Highlights from the last week of China business news.
Inflated figures
China’s third-quarter macro figures came out last week. The trade surplus in October continued to surge, which for once is actually surprising. Expensive commodities worldwide meant that the value of imports was up 25.5% from a year ago, but export growth still outpaced it, leaving the month’s trade surplus at US$27.05, a record high. The central bank said GDP rose 11.5% in the first three quarters, compared to a total increase last year of 11.1%. On the other hand, inflation rose 4.1% in the first three quarters, compared to a 1.5% rise in 2006. Goldman Sachs analyst Hong Liang raised a warning about inflation again (she did this a few months ago at the height of the pork shortage too), saying that the monthly CPI could hit 7% this year. The central bank has done the only thing it can do: raise interest rates. The reserve requirement rate will go up for a ninth time this year, to 13.5%, effective November 26. Central bank governor Zhou Xiaochuan has pledged to fight inflation, but how exactly he plans to do this is anyone’s guess. Goldman predicts two more rate hikes by year’s end.
Planning a buying spree
Remember all that talk about a gush of Chinese capital outflows? Well, it’s definitely in the works. China National Offshore Oil Corp, which reduces to the rather cute acronym CNOOC, was linked to acquisitions in Australia and Nigeria this week. There was a rumor that CNOOC wanted to take over Shell’s stake in an oil project in Australia’s Northwest Shelf region for US$450 million, which was later curtly denied by the Chinese company. Now, a new story has surfaced, saying CNOOC wants to hand over US$900 million to Shell, again, but this time for almost 50% in two Nigerian offshore blocks. No comment from CNOOC.
But commodities acquisitions aren’t really news – banking buy-ins, however, are. The FT broke the news – citing anonymous sources – that China’s top three banks, Bank of China, ICBC and China Construction Bank, approached Singapore’s Temasek Holdings to buy its 17% stake in Standard Chartered. The contacts were “informal and discreet,” which could mean anything, really. In any case, no deal is on the cards – Temasek isn’t selling, and Standard Chartered isn’t keen on having its independence questioned by having the Chinese as its largest stakeholder. An ICBC official denied that any such offer to Temasek took place. Lastly, the much-ballyhooed China Investment Corp revealed that it’s a cornerstone investor in China Railway Group’s Hong Kong listing. The sovereign fund will take US$100 million, the biggest institutional stake, in the H-share offering. This is its second move after buying into Blackstone months ago.
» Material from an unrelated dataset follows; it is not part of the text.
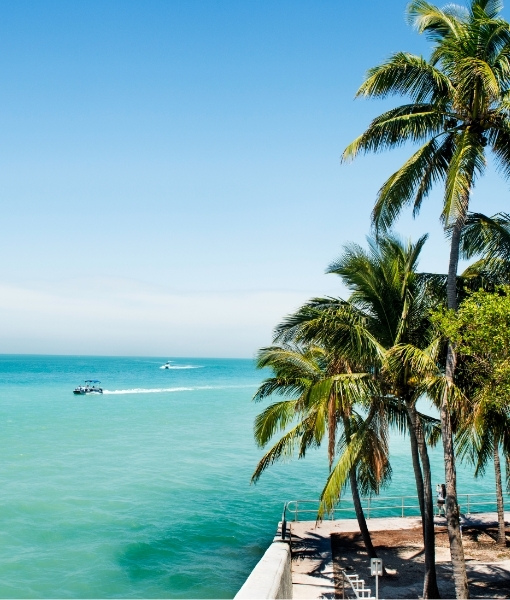 Tropische Palmen am Ufer bei Florida, türkisfarbenes Meer und sonniger Himmel, dazu Blick auf ruhige Wasserlinie – Kanada-Reisen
Singapore boosts its guanxi
China and Singapore indulged in a week of cozy relationship-building, with top officials of both countries meeting here and in the land of the Merlion. Singapore’s Lee Kuan Yew told Singapore’s newspaper, the Straits Times, that the man tipped to be Hu Jintao’s successor, Xi Jinping, belonged to the “Nelson Mandela class of persons,” upon meeting him for the first time in China. Meanwhile, Premier Wen Jiabao spoke candidly at a conference in Singapore, saying that illegal money flows threatened China’s stability and that his government would have difficulty reaching the environmental targets they set for themselves. This culminated in the announcement that China and Singapore would build an “eco-city” together in Tianjin, that hot economic development zone the central government is now so keen to promote. It brings to mind another Singapore-China project, the Suzhou Industrial Park, which was started when China was still trying to encourage industry in the Yangtze River Delta. More eco-cities are a good idea, because hopefully it will mean hearing less disturbing news, like the report this week about China’s increasing appetite for nuclear energy, and how it has just signed a landmark deal with Kazakhstan to buy the uranium it needs to build 40 new nuclear power plants by 2020.